Regulation 109 of VAT Regulations 1995 – Election to waive VAT exemption – Landlords opting to tax – Tenant ceasing to occupy – Tenant paying rent plus VAT while seeking suitable sublessee – Tenant deferring decision whether to opt to tax – No subletting concluded – Tenant eventually opting to tax – VAT Tribunal rejecting tenant’s claim to recover tax paid prior to making election – Tenant’s appeal allowed

Five companies belonging to the appellant group each held their respective office buildings under leases for terms between 15 and 25 years, the landlord in each case having elected to waive the VAT exemption otherwise applicable. Pursuant to a series of decisions made at group level in the early 1990s, each company ceased to occupy its building for the purpose of its business and sought to attract a suitable sublessee. The VAT status of any such subletting was left in abeyance in the expectation that opting to tax would suit some sublessees (those in the business of making taxable supplies) but not others.

These marketing attempts were unsuccessful. With effect from November 1995, the appellant (irrevocably) exercised the right of election in relation to all the buildings, with the result that all future sublettings would necessarily be taxable supplies. Thereafter, a number of such sublettings were concluded.

The appellant sought to recover an amount in excess of £400,000 from the respondent commissioners, being the input tax paid to the various landlords for the periods (the disputed periods) beginning with the cesser of business occupation and ending with the November 1995 election.
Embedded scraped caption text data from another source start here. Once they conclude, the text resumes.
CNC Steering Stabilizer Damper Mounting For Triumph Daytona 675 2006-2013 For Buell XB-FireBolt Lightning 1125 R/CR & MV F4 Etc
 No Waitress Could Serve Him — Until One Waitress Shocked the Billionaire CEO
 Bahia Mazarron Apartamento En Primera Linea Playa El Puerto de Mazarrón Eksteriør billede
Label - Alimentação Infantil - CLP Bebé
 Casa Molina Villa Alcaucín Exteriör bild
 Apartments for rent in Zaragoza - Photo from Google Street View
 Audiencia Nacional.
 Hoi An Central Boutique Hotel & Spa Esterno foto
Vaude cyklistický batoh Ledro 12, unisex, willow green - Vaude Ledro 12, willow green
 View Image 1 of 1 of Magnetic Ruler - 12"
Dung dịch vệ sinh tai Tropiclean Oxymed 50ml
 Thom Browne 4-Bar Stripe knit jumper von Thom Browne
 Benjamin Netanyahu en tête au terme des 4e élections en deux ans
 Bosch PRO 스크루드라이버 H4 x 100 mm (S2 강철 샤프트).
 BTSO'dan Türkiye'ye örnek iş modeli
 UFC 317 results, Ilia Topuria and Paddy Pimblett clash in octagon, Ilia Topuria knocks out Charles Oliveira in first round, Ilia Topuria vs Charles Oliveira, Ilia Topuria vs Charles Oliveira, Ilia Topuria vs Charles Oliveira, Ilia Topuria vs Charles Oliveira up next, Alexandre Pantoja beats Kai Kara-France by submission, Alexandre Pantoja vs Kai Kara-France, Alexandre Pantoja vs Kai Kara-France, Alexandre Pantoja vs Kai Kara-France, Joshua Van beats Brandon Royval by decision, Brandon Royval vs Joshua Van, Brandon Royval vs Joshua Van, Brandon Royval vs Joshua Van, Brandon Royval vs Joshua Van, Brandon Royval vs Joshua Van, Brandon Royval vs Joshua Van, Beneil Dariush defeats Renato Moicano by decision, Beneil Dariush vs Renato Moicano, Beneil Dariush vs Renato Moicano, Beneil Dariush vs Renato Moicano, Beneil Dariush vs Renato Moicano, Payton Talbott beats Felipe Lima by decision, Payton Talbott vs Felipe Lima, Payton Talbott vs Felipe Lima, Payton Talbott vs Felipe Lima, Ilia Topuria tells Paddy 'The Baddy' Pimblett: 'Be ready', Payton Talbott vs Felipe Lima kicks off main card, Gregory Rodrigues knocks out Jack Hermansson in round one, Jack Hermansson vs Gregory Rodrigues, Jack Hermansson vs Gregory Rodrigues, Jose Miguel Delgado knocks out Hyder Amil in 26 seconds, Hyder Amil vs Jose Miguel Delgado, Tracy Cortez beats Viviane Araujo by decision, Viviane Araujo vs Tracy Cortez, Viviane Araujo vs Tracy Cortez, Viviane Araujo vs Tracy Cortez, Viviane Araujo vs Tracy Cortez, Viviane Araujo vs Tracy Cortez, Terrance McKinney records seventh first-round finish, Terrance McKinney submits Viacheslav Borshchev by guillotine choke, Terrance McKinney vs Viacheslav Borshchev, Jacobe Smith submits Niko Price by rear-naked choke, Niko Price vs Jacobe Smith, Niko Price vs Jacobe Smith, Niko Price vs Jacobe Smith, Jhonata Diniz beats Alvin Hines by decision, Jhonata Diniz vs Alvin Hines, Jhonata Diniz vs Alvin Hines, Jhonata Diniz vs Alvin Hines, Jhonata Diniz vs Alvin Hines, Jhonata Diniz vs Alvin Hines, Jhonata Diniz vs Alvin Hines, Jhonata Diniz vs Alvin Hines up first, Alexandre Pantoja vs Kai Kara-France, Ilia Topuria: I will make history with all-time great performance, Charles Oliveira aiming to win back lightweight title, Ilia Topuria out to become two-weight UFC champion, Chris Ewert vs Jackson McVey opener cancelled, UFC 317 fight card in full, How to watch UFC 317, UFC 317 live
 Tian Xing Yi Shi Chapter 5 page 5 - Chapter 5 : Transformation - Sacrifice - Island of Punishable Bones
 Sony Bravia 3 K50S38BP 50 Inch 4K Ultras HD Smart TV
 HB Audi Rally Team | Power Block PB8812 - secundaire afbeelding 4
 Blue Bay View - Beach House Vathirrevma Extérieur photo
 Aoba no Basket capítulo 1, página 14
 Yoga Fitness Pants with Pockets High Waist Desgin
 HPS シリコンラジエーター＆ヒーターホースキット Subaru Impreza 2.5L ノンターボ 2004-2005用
Basing its claim upon regulation 109 of the VAT Regulations 1995, the appellant contended that its entitlement arose because: (i) as required by the regulation, it had not attributed the tax to taxable supplies, having intended to use the inputs from its landlords in the making of exempt supplies; and (ii) by making the November 1995 election, it had formed an intention to use those inputs in making taxable supplies. The second contention was disputed by the commissioners, whose arguments were accepted by the VAT Tribunal. The appellant appealed to the High Court.

Held: The appeal was allowed.

1. As recently affirmed by the European Court in Midland Bank plc v Customs & Excise Commissioners [2000] STC 501, the deduction system relied upon by the appellant was fundamental to the operation of VAT, in that it was intended to relieve the trader of the burden of tax payable, or paid, in the course of all his economic activities, provided that such activities were themselves subject to VAT in principle. Regulation 109 covered the case of a delayed attribution of an input to an actual or intended taxable supply.

2. In holding that the election had failed to bring about the necessary attribution, the tribunal had fallen into error because: (i) the rents paid to the various landlords during the dispute period were “cost components” in the sense employed in the First VAT Directive, No 67/227, since, by paying them, the appellant complied with its obligations to the landlords, and thus (by preserving the leases against the risk of forfeiture) put itself in a position to grant subleases; (ii) the fact that the subleases were to be granted out of the leases, for which such rents had been paid, created the necessary “direct and immediate link” between the input and the intended output, as required by the European Court in BLP Group plc v Customs & Excise Commissioners [1995] STC 424; and (iii) there was no basis for contending that the inputs had been exhausted during the dispute period in the appellant’s unsuccessful efforts to make exempt sublettings, the true position being that the appellant had tried to consume the inputs, but failed.

3. It was likewise wrong to see each rental payment as creating a series of short-lived inputs. The asset acquired in each case was the fixed term, and it was immaterial that it was paid for on a periodic basis. Nor was a contrary conclusion compelled by regulations 85 and 90, which did no more than stagger the timing of the single supply so that the burden or credit should be spread over the full period of the lease. Those regulations, when construed in the light of the parent provisions in section 6 of the Value Added Tax Act 1994, were not concerned with the nature of the supply: see BJ Rice & Associates v Customs & Excise Commissioners [1996] STC 581.

4. The parties had correctly agreed that no distinction should be drawn between the payment of rents and the payment of service charges, as the latter had been expressly reserved as rents.

Malcolm Gammie (instructed by Linklaters) appeared for the appellant; Peter Mantle (instructed by the Treasury Solicitor) appeared for the respondent commissioners.